ロープが半分ぐらいのところで、ピッチ切れる?と無線があったがそんな場所も余裕もない。突き進むだけ。ろくにプロテクションも取れないので、撤退することも無理だ。対岸の氷のラインはしょっちゅう轟音と共に落石が発生していた。

そしてプアプロとランナウトに耐えながらロープを60mいっぱい伸ばす。

14時14分。全身泥だらけになっていた。喉はカラカラだがアドレナリンがドバドバで意外と元気だった。朝も結構食べていたのでエネルギーも満ち足りていた。登攀開始から1時間半ほど経過していた。

終了点

なんとか終了点を構築しフォローを引き上げているとすぐに無線で何か合図がきた。どうやらナミエどんが落石を肩に受けたようだ。いったんストップがかかる。

結局このまま登攀を続けるのは難しそうということで、撤退することに。仕方ない。本人は相当へこんでいたようだが、私は1ピッチ渾身の力でリードできたので十分だ。凄く良い経験になった。

懸垂できる?とたごちゃんに聞かれたがさすがに今構築した終了点で懸垂するのは嫌だなと思ったので、懸垂支点を作りなおしたい旨を伝える。そもそもハーケンも手持ちが1枚ほどしかない。
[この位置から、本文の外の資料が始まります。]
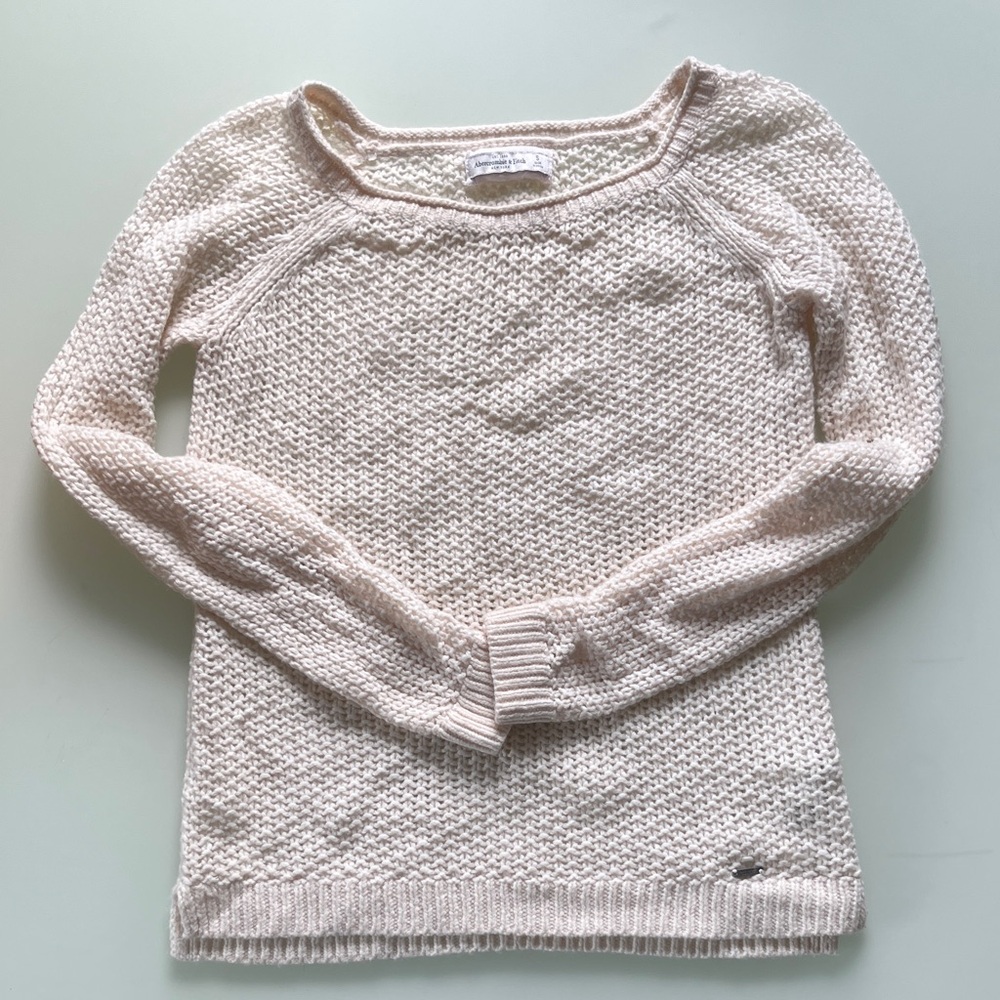 Abercrombie & Fitch lightweight sweater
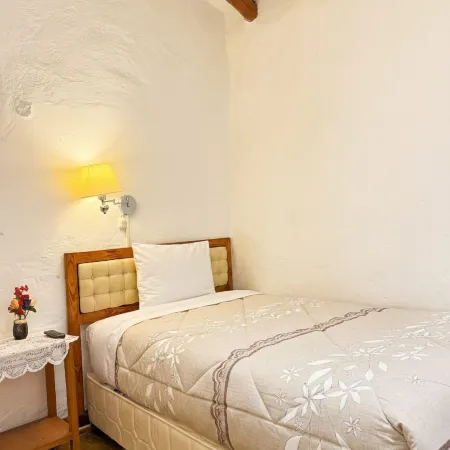 Naty's Guest House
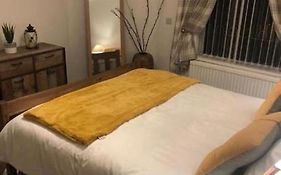 Lovely Ground Floor Apartment With Easy Parking.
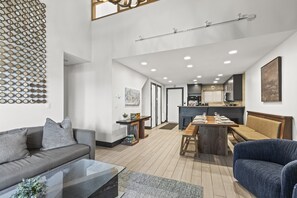 Apartment, 2 Schlafzimmer | Wohnbereich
というわけで、たごちゃんにフォローでハーケンを回収しながら登ってもらい合流。ビレイ中に対岸からライチョウの鳴き声が聞こえて癒されたが姿は見えなかった。

フォローのたごちゃん

フォローのたごちゃん

合流してビレイしてもらい、少し左にトラバースして硬い岩とリスをなんとか探し懸垂支点を構築した。これにもかなりの時間がかかった。

ヒュンッという音とともに時折落石もあり、生きた心地がしなかった。落石を発生させないようにゆっくりゆっくり降りた。取りつきに着いた時、ほっとした。生きててよかった。18時47分ごろ、無事にテン場に戻ることができた。

構築した懸垂支点

懸垂ラインを見上げた

完走した感想

今回の山行は楽しく充実したものではあったが、この時期にこの雪のコンディションでこのルートを選んで冬期登攀スタイルにした事自体が愚かだったのは間違いないと思う。時期が悪すぎた。

大正池で思いをはせる

ディナー



ロシアンルーレットの要素が大きすぎるのはやっぱり良くない。命がいくつあっても足りない。今回はたまたま運が良かっただけだ。

というわけで色々と疲れたし、軽くケガもしているので二日目はゆっくり起きて大正池を見て下山した。普段はバスで通り過ぎてわざわざ行くこともないのでこういうのもいいものだ。
モーニング

次行くならコンディションいいときに・・

以上、ここまで読んでいただきありがとうございました。